# Pointing Labs



## BPturkeys (Sep 13, 2007)

I had the opportunity to hunt over a pair of pointing labs a couple days ago and I'll tell you, they are a wonderful dog. They pounded the cattails for two hours and never gave up. They jumped 14 wild birds, only one rooster though, and I think they had as much fun as I did. Great dogs and a great day. And oh yeah, they do point just fine!


----------



## TEX-O-BOB (Sep 12, 2007)

> *They jumped 14 wild birds*, only one rooster though, and I think they had as much fun as I did. Great dogs and a great day. And oh yeah, *they do point* just fine!


Well, which one is it? jump or point? A true "pointing" dog does just that, PIONT. They don't ever "jump" birds.

Labs dont point. Period. "Pointing lab" is an oxymoron. It's like saying "Shih Tzu Bloodhound"

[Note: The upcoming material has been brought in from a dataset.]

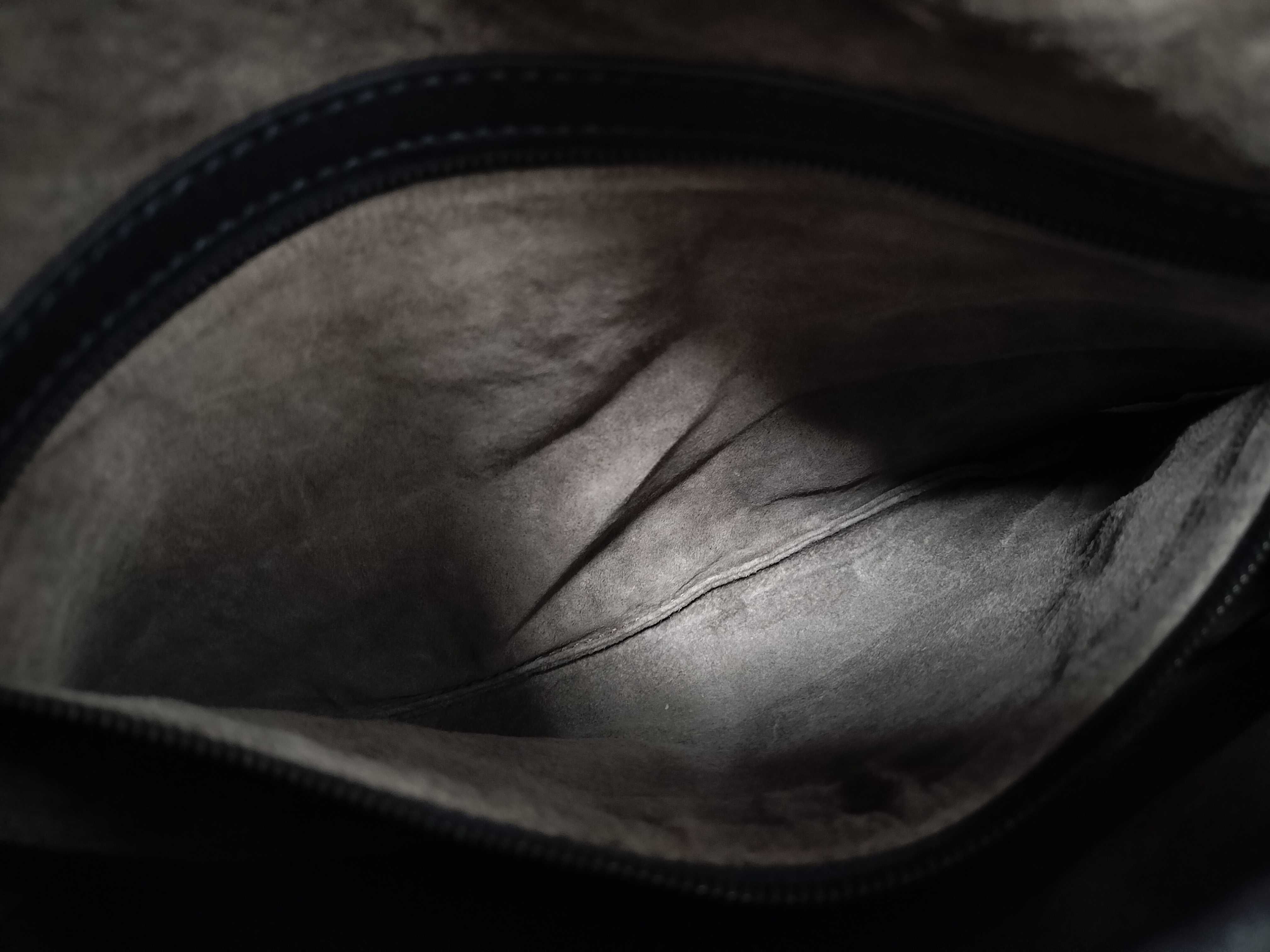 Intrecciato Semi-Shoulder Bag with Dust Bag (Handbag) — view 11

I'm sure you had a wonderful time though...


----------



## BPturkeys (Sep 13, 2007)

Well Tex, ya might be right...but not this time. Sorry I didn't have video of the dogs I hunted over but the dog on this video from youtube looks, and works just like one of the dogs I spent the morning with.

enjoy...


----------



## Treehugnhuntr (Sep 7, 2007)

I've got an 11 year old pointing lab and she holds as tight as any other bird dog I've been around. Last year she held on a hen long enough for my daughter and I to come and stand right next to her so I could show my daughter the bird. It was 3' from her nose.

Guess again, Darin. :shock:


----------



## xxxxxxBirdDogger (Mar 7, 2008)

That Lab cracked me up. He was a creeping sucker for sure. Not a true point per se, but with some practice and a more disciplined handler he could learn to do it properly. That guy let his dog creep all the way to the pheasant and only launched the bird after the dog went in for the flush. He'll have a flusher in no time. 

I prefer my Lab to flush 'em hard right from the start. Get on that rooster and get him in the air before he runs on us! Labs can be great pheasant dogs. Mine put a pair of wild roosters in the bag just yesterday.


----------